Submerged News. Like many newsmen, Griffith retains a large measure of idealism about journalism--"an exciting way to do good"--and he regrets that some people feel threatened or ill-served by the press. One of the problems lies in expectations. Journalism, and particularly television news, purports to be a reasonably accurate mirror of the world. Yet it is rarely that. Readers expect--and editors eagerly seek to provide--a full report on what is new and different from last week, yesterday, ten minutes ago. So journalism often shows "the world with all the banality, the ordinary, the uncontroversial and the unchanging left out." In a period of war, domestic turmoil and change, "good news" is even more easily submerged.
Griffith believes that the press, like other U.S. institutions, did not cope well enough with the upheavals of the '60s. It fell too readily for the glib and the dramatic, and was slow to understand the "voice of Archie Bunker's America." Griffith also worries about the "artificial momentum" of major stories: "Once a theme to the news emerges-that McGovern vacillates, that Lyndon Johnson has a credibility problem, that Nixon has much to hide--then any small fact, otherwise inconsequential, can be tied to the theme and made to seem news."
Theme journalism often appears to be biased reporting. But Griffith believes that bias is less prevalent than it used to be, at least among "straight" newsmen (as opposed to the underground press and New Journalists who "live at the intersection of fact and fiction"). In any event, Griffith is no preacher of bland impartiality. He argues that newsmen should have a sense of commitment and responsibility, provided that their general convictions do not cloud their judgment in handling specific stories. He urges readers to "suspect an indifference that calls itself impartiality; it is the pedestrian asset of secondrraters."

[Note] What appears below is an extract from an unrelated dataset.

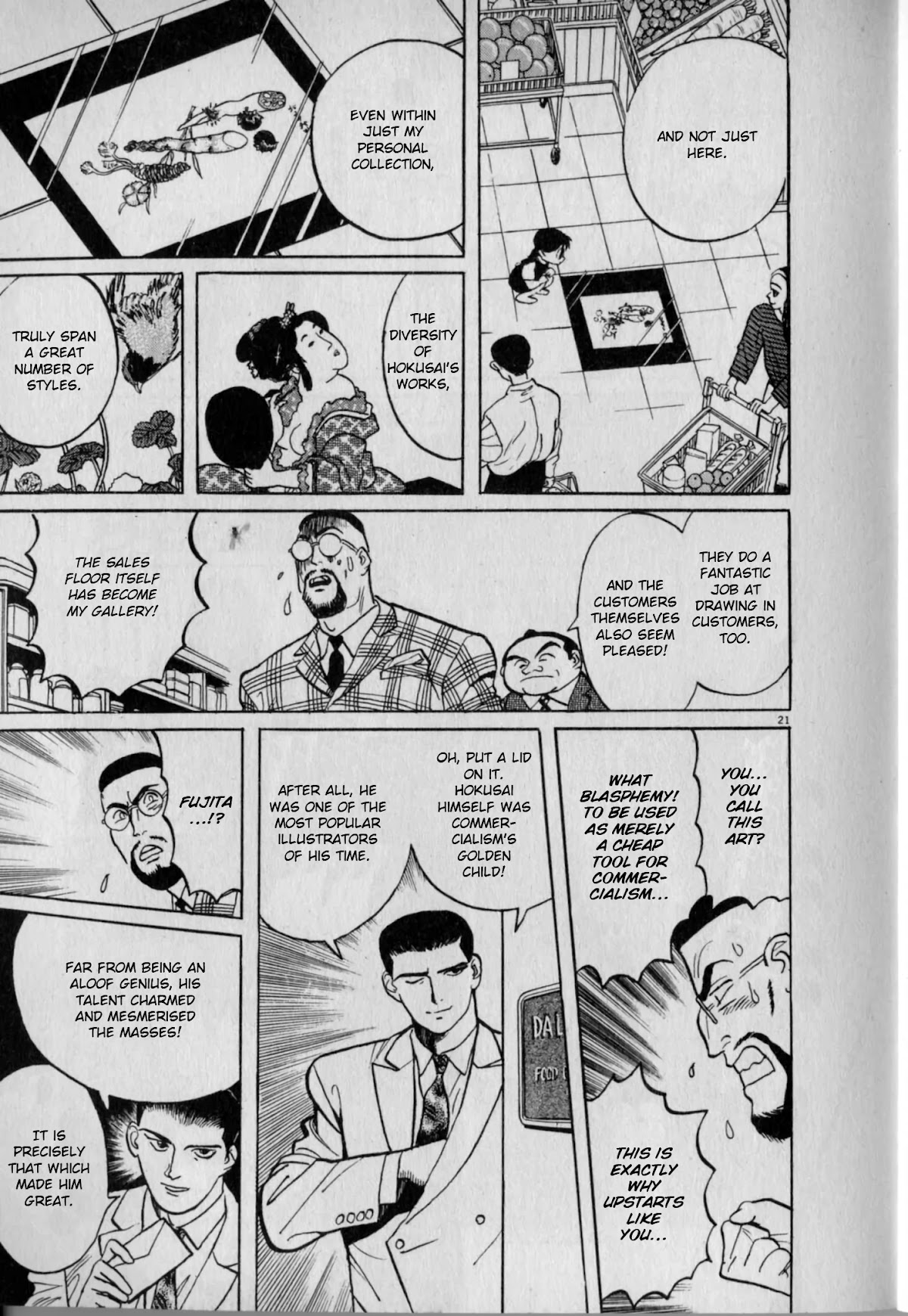 Gallery Fake Chapter 4 page 21 - Chapter 4: The City of Hokusai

As a TIME editor, Griffith sometimes disagreed with superiors and colleagues when he thought their judgment on particular stories was skewed by political loyalties. ("A good journalist is an unreliable ally to any cause he believes in, as his friends in public life soon learn.") His relationship with TIME'S founder, Henry Luce, was warm, close and difficult. "He wanted to prevail," Griffith recalls, "but respected independence, disliked trimmers and was bored by those whose opinions suspiciously echoed his ... He was something like a tennis player who wants a victory, but only after a hard-fought match." Griffith had some good matches with Luce and won his share.
Moving Silt. In How True, Griffith proposes no radical solutions for the profession's problems. He does urge that the press make itself "answerable" to critics -that it admit errors freely and fully and that it be willing to have its performance judged by independent outsiders. Specifically, he favors the concept of a news council that reviews complaints about particular stories and renders findings (such a national body, consisting of six press people and nine leaders from other professions, was formed by the Twentieth Century Fund last year, to the displeasure of some editors and publishers).

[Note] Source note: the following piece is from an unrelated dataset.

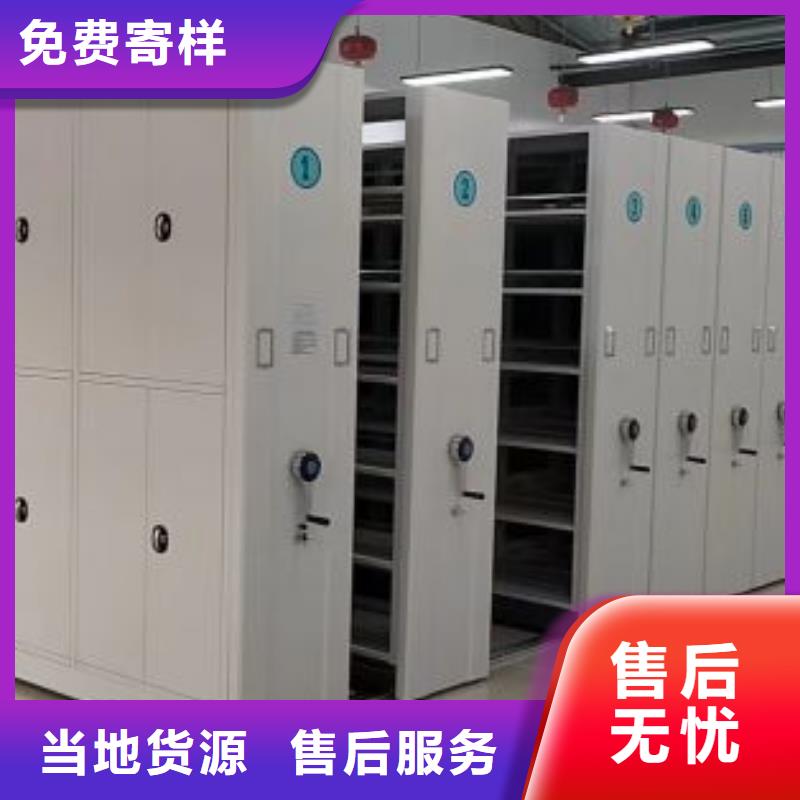 廠家哪家好【澤信】加固型密集架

More broadly, Griffith says that the function of the newsman should not be to purvey final answers and finished philosophy: "He is neither defender of any faith nor prophet of new orders, nothing so grand as that. His role in society is more like a dredging engineer, whose job it is to keep channels free and clear." He will not always succeed because "imperfection is the journalist's working climate." And newsmen are mistaken if they expect universal applause even when they do the dredging well. There are always those who like the silt as is.
*"Atlantic-Little, Brown; $6.95.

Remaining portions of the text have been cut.